Physically separating is one thing - but when is the best time to divide your assets?
Questions around your financial settlement are not over until you have the security of a final order from the Court. It sets out what your obligations are, what you will keep and, in most cases, will put an end to any claims you might have against each other.
But what happens if your assets increase or decrease in value after you have separated but while you are still in the middle of attempting to reach a settlement? Any decisions on “who gets what” will not be based on the value of assets at the time of the separation but on the current value.
The uncertainty over school closures and the impact on the wider economy will undoubtedly affect couples’ thinking about how dividing their finances. One possibility is to agree a two part division with liquid assets such as savings dealt with at the time of settlement but illiquid assets such as property and pensions are agreed when the market is more stable.

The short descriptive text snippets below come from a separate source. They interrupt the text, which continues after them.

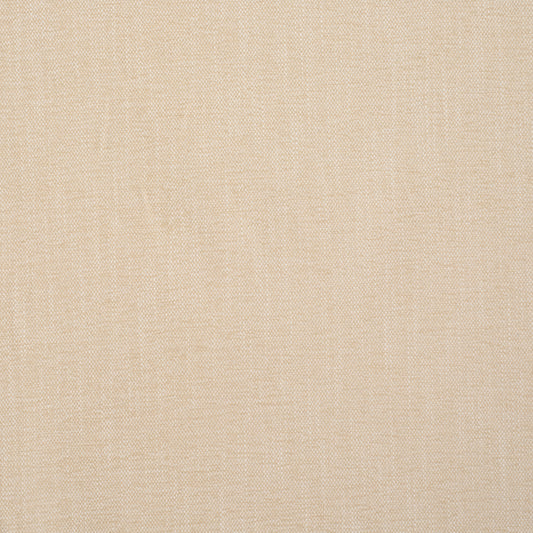 Purchase 85524 | Dean Indoor/Outdoor, Ecru - Schumacher Fabric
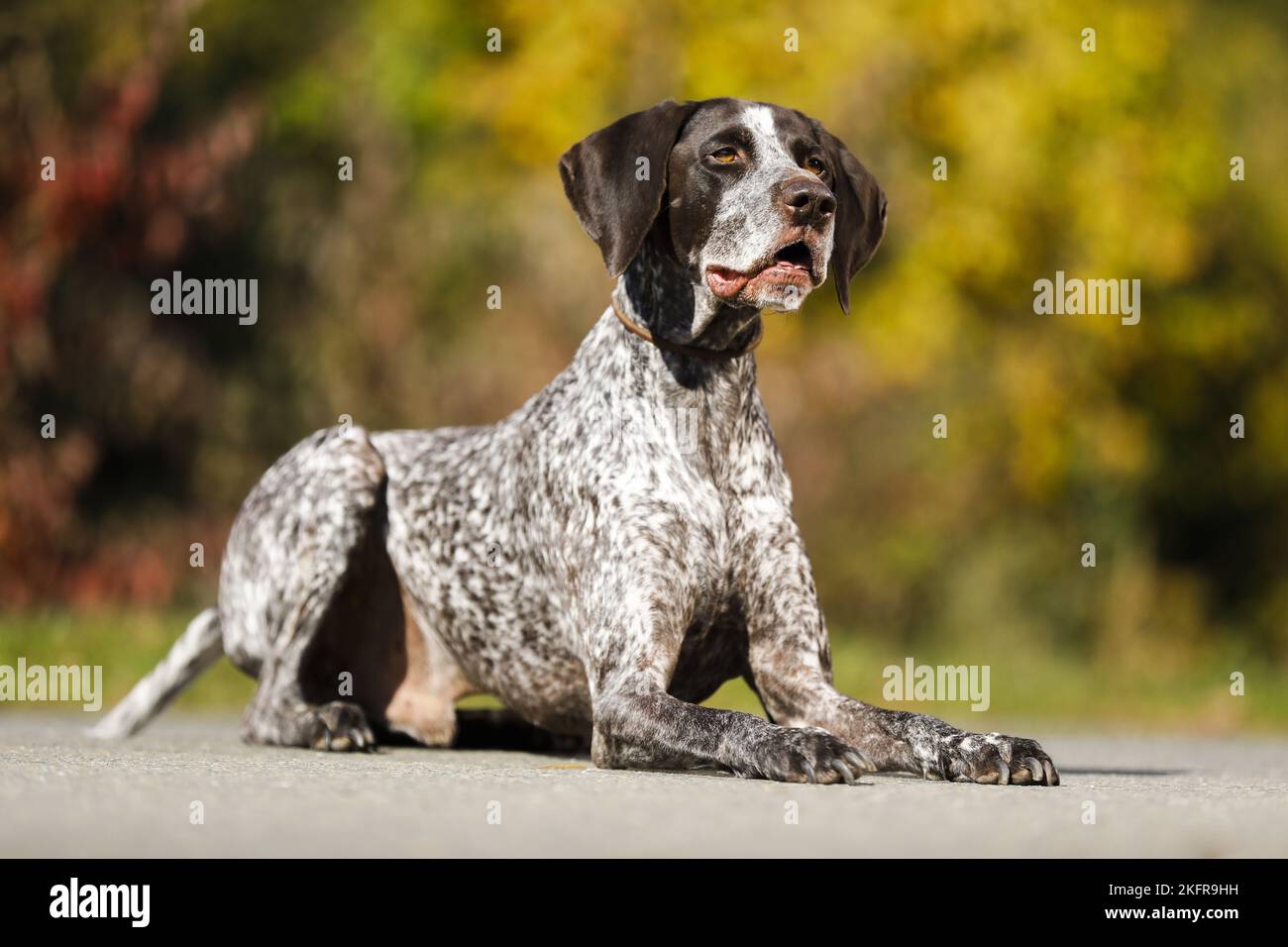 Deutscher Kurzhaariger Vorstehhund liegend Stockfoto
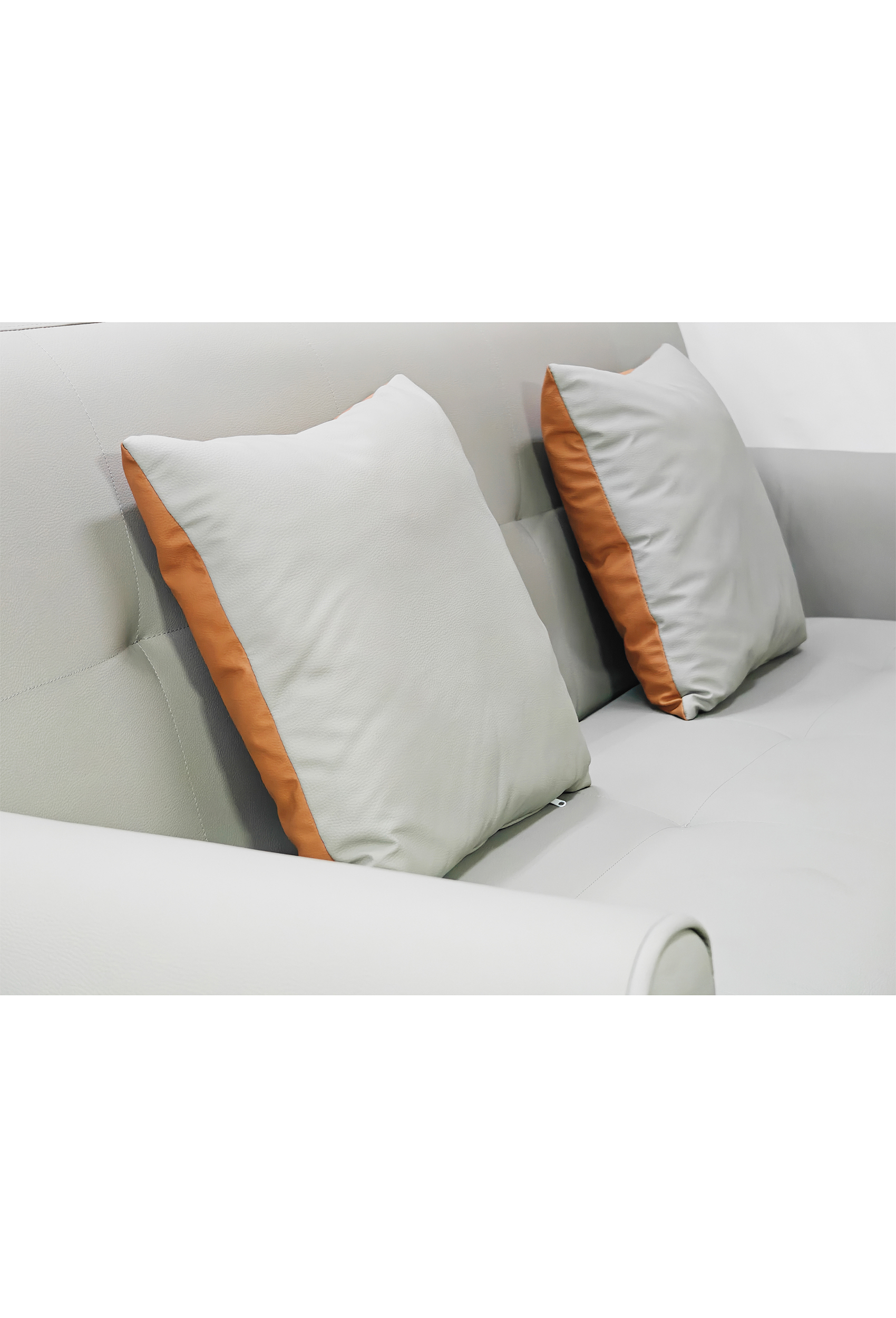 Cade Leather Sofa Bed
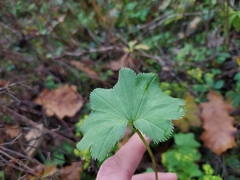 Alchemilla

Whilst many couples may conclude there are too many unknown factors to consider making significant life-changing decisions now; others may decide that the economic uncertainty gives them a backdrop against which to separate because financial awards might be lower than they would otherwise be in “normal” economic times.
However, even if you were to decide today, any financial settlement may not be based on the value of the assets as they currently stand, in particular if a lengthy court process is involved.
Fully contested financial proceedings are likely to take around 9-12 months - when the economic landscape will look different from now - to get to a final hearing.
Couples are therefore advised to consider alternative dispute resolutions which are likely to conclude more quickly.
Mediation can help couples resolve their differences and find solutions to enable them to move forward positively. An impartial third party, “the mediator” helps them to discuss issues confidentially and find workable agreements which can be reached more swiftly and cheaply than by using the court process or in solicitors’ correspondence.
Ongoing communication also limits the emotional damage which follows in the wake of an acrimonious battle.
Collaborative Law also avoids Court proceedings and other adversarial approaches to settlement. A “no court” agreement is signed at the outset so that there is a shared commitment to finding an agreed resolution. This process can be particularly beneficial in higher value or complex situations.
In family Arbitration, couples appoint an arbitrator who makes decisions for them, enabling them to resolve disputes in a more flexible and less formal setting.
There is also the benefit of having the same Arbitrator through the process which will not happen at Court with Judges - and the knowledge that your Arbitrator is an expert in financial remedy proceedings. This isn’t always the case with a Judge at Court as they may have backgrounds in other areas of law.